Well, since we're on the subject of responsibly raising beef, let's talk about working with the environment to feed 9 billion people by 2050 with shrinking agricultural resources. Here's a recap by Dr. John Comerford of Penn State on a grass-fed vs. grain-fed study:

"On the environmental front, studies by Yan et al (2009) in Ireland used growth chambers to evaluate the greenhouse gas emissions from cattle with varying levels of forage and grain in the diet. Coupling these results with a 30 percent increase of harvest age of grass-fed cattle compared to grain-fed, it becomes clear there is a 500 percent increase in greenhouse gas emissions for each pound of beef produced from grass-fed compared to grain-fed cattle. Uncontrolled nitrogen and phosphate release to the environment, 35 percent more water use, and 30 percent more land use for grass-fed cattle compared to grain-fed increases the environmental impact of strictly grass feeding."

Ok, so maybe your Australian grass-fed beef is a tad bit leaner. Congratulations, your customers can confidently Do a Dallop of Daisy on their 1,000+ calorie meal. 

Getting to the point – I'm not very impressed with the tactics Chipotle has shown not only in the last few month, but past near decade. They build a marketing plan based on "integrity" and "responsibility" while preaching about being environmentally friendly and supporting the local family farmer – then turn around and pull this stunt.

But this is America – land of the free and home of the brave.

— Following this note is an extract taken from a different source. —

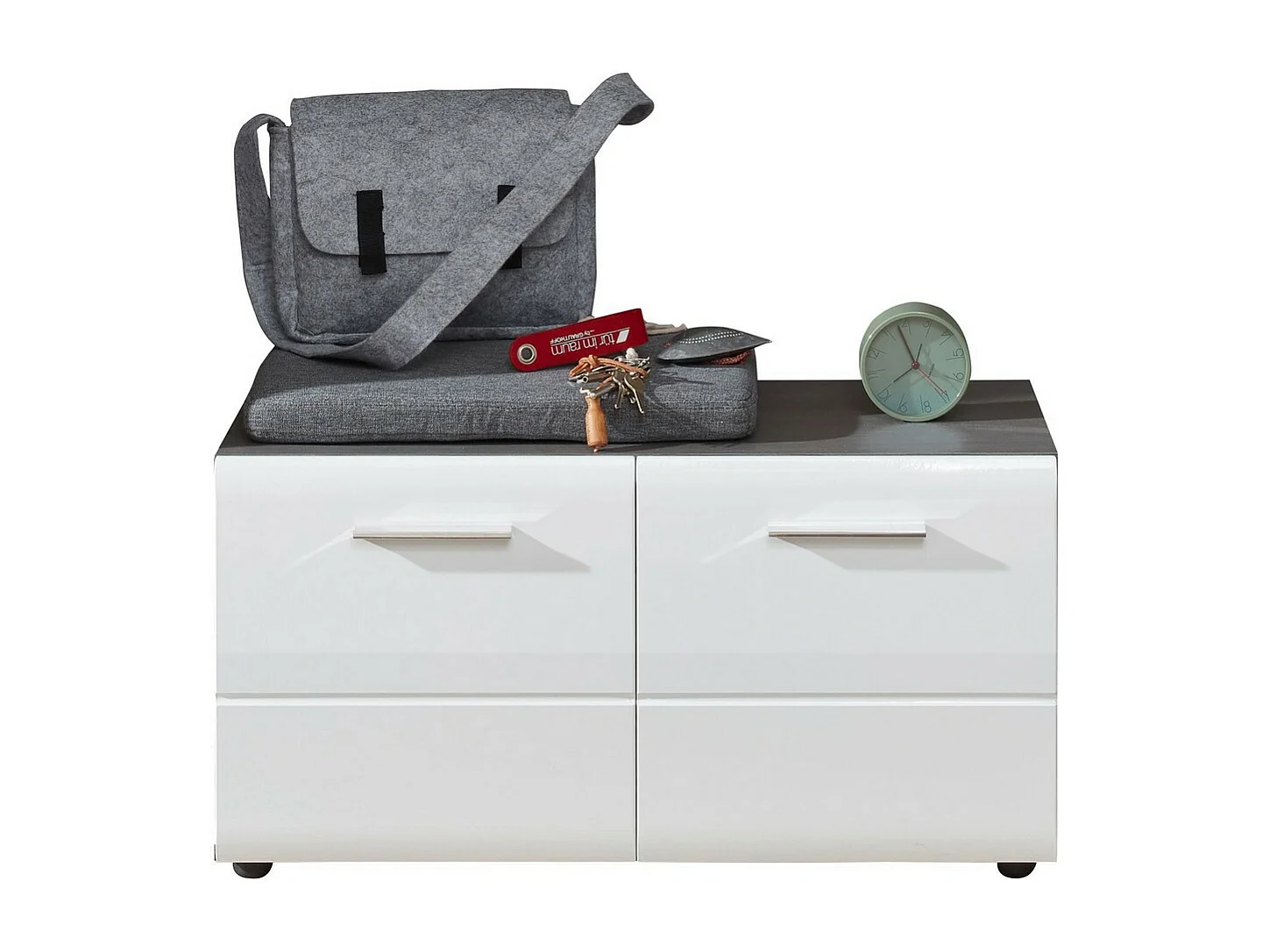 Panca con Portaoggetti Line, Bianco, 80x41x35 cm, EPIKASA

A beautiful place where we have the right to choose what dining establishment we frequent and if our meat comes corn-fed, grass-fed, hormone free, well done, rare, or with gravy. And if a company wants to import products from another country, then by all means they can do it ‘til the cows come home.

Personally, I prefer supporting a company that doesn't contradict its own values and promotes actual responsibly raised beef.